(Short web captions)
⁂
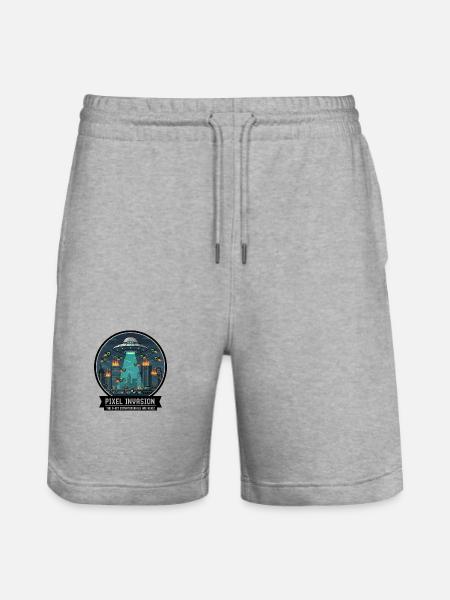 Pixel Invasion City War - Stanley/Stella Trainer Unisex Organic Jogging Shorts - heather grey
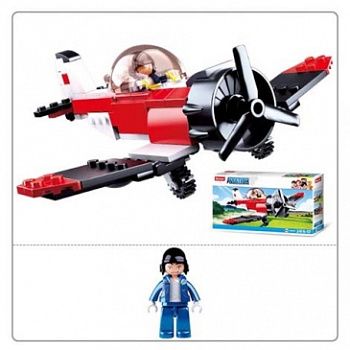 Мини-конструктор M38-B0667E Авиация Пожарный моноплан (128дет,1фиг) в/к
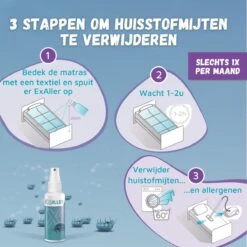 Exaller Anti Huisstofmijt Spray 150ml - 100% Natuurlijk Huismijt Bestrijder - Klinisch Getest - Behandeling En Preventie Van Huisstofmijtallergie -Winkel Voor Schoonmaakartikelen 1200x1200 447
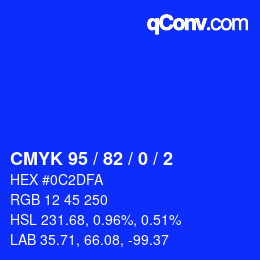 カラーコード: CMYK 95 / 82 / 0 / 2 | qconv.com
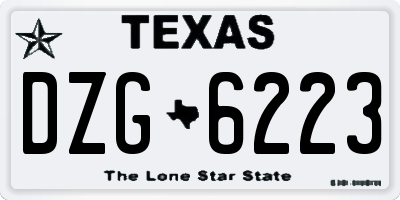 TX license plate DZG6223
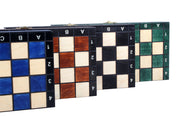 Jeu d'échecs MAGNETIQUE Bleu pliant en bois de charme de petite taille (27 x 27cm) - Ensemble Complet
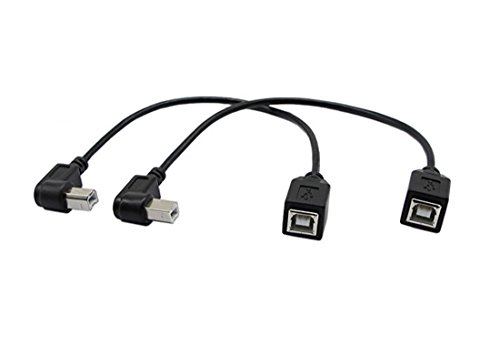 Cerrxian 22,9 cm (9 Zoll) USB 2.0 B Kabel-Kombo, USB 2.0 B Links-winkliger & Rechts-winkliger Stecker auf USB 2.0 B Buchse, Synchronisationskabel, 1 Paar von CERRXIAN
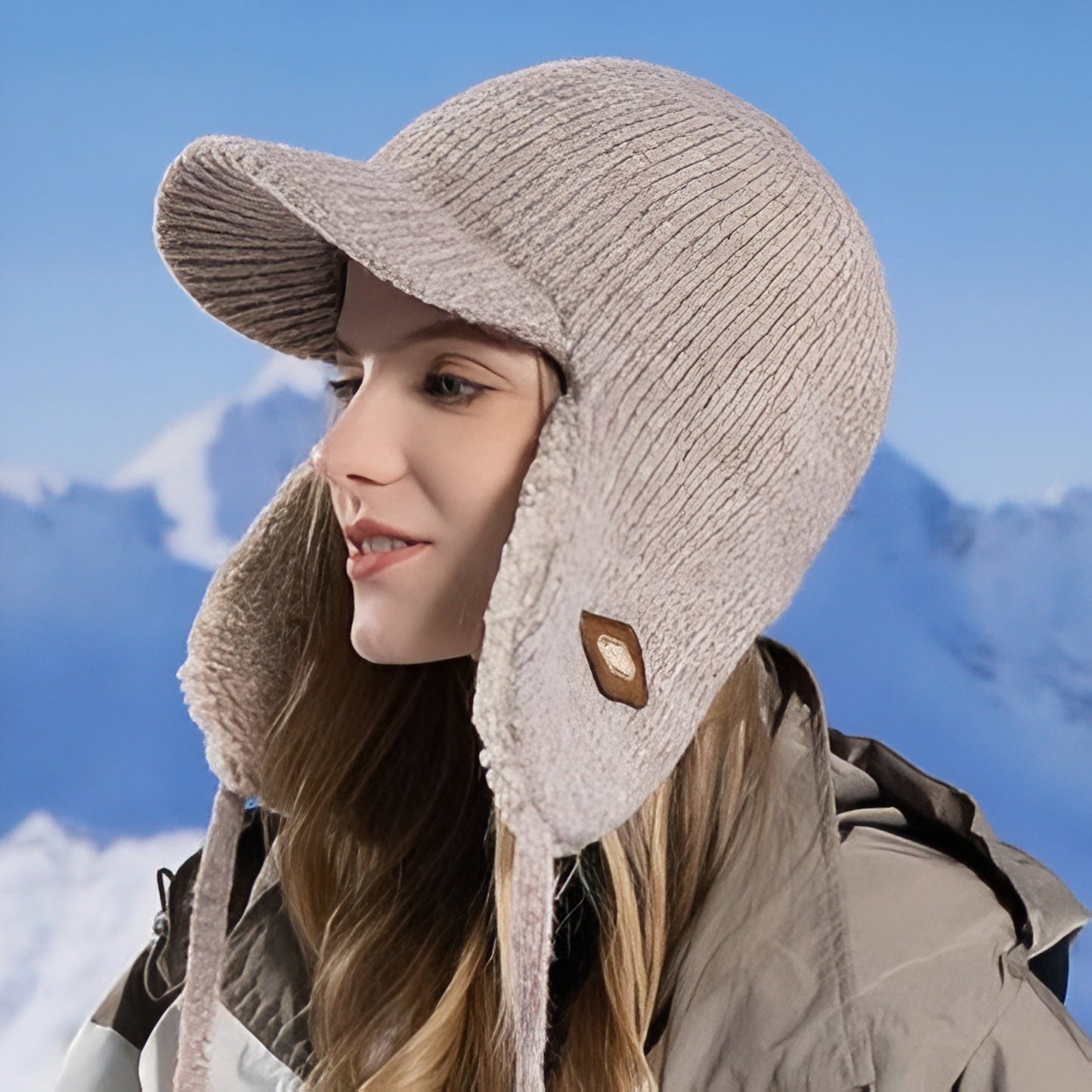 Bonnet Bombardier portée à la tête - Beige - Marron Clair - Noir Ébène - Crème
⁂
Print the records verbatim, without pictures.

RESPONSE BOX:
 Pixel Invasion City War - Stanley/Stella Trainer Unisex Organic Jogging Shorts - heather grey
 Мини-конструктор M38-B0667E Авиация Пожарный моноплан (128дет,1фиг) в/к
 Exaller Anti Huisstofmijt Spray 150ml - 100% Natuurlijk Huismijt Bestrijder - Klinisch Getest - Behandeling En Preventie Van Huisstofmijtallergie -Winkel Voor Schoonmaakartikelen 1200x1200 447
 カラーコード: CMYK 95 / 82 / 0 / 2 | qconv.com
 TX license plate DZG6223
 Jeu d'échecs MAGNETIQUE Bleu pliant en bois de charme de petite taille (27 x 27cm) - Ensemble Complet
 Cerrxian 22,9 cm (9 Zoll) USB 2.0 B Kabel-Kombo, USB 2.0 B Links-winkliger & Rechts-winkliger Stecker auf USB 2.0 B Buchse, Synchronisationskabel, 1 Paar von CERRXIAN
 Bonnet Bombardier portée à la tête - Beige - Marron Clair - Noir Ébène - Crème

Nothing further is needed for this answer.